Key to tele-immersion's realistic feel are a hemispherical bank of digital
cameras to capture participants from a variety of angles and tracking
gear worn on their heads. Combined with polarized glasses much like those
worn at 3D movies, the setup creates subtly different images in each eye
- much as our eyes do in daily life. Working from this sensory input,
the brain is able to recreate the three-dimensional "telepresence" of
a person actually sitting in a distant studio.
"Tele-immersion essentially takes comprehensive, real-time measures of
a person and his surroundings," Daniilidis said, "and conveys that information
directly to the senses of a person far away."
The result is that when a participant moves his or her head, the view
of the others shifts almost as seamlessly as if the meeting were occurring
face-to-face.
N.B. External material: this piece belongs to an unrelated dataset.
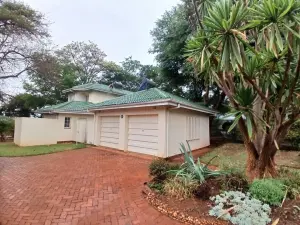 Townhouse/Cluster to Rent in Borrowdale Brooke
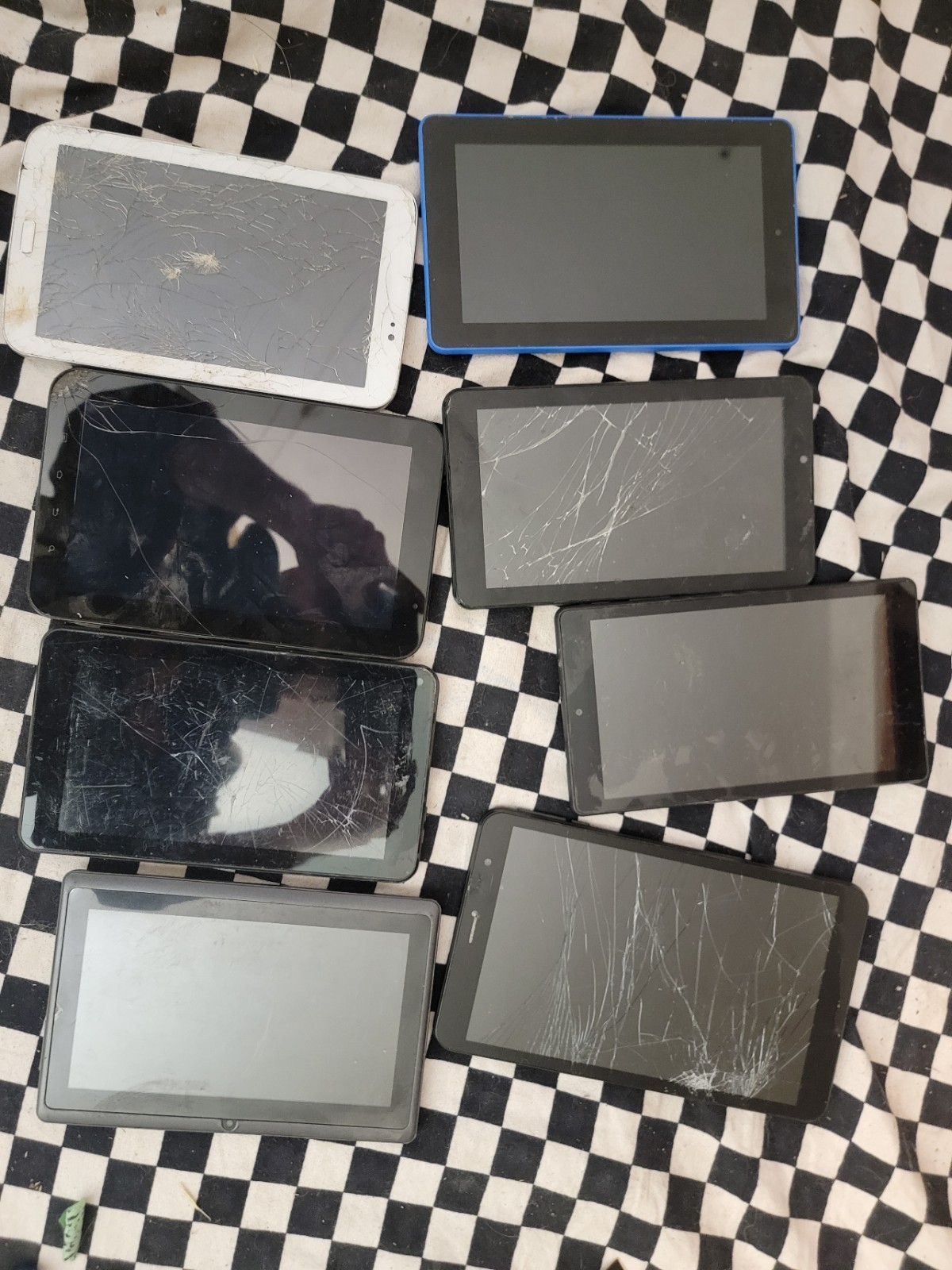 LOT OF 8 TABLETS – UNTESTED – SAMSUNG / AMAZON – PARTS OR REPAIR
When participants lean forward, their peers appear larger;
when they recline, their virtual friends shrink in size. The Penn group's
contribution is the technology for three-dimensional scanning of the environment
and moving persons in real time using only conventional videocameras.
In the handful of tele-immersion sessions achieved so far, screens were
mounted at right angles to a desk in the corner of a room, with each displaying
one of the remote locations. While the screens are solid and flat, once
a session begins they appear more like a window. Even the tabletops at
the distant locations are perfectly matched to augment the feeling of
shared space. "It's somewhat like the Starship Enterprise's 'Holodeck'
on Star Trek," Daniilidis said. "It allows us to interact with flat images
as if they were living, breathing people right there in front of us."
As with any brand-new technology, the sessions have been far from seamless:
transmission quality has been a tad shaky, and at this point only one
participant in any given conference is able to see his distant colleagues.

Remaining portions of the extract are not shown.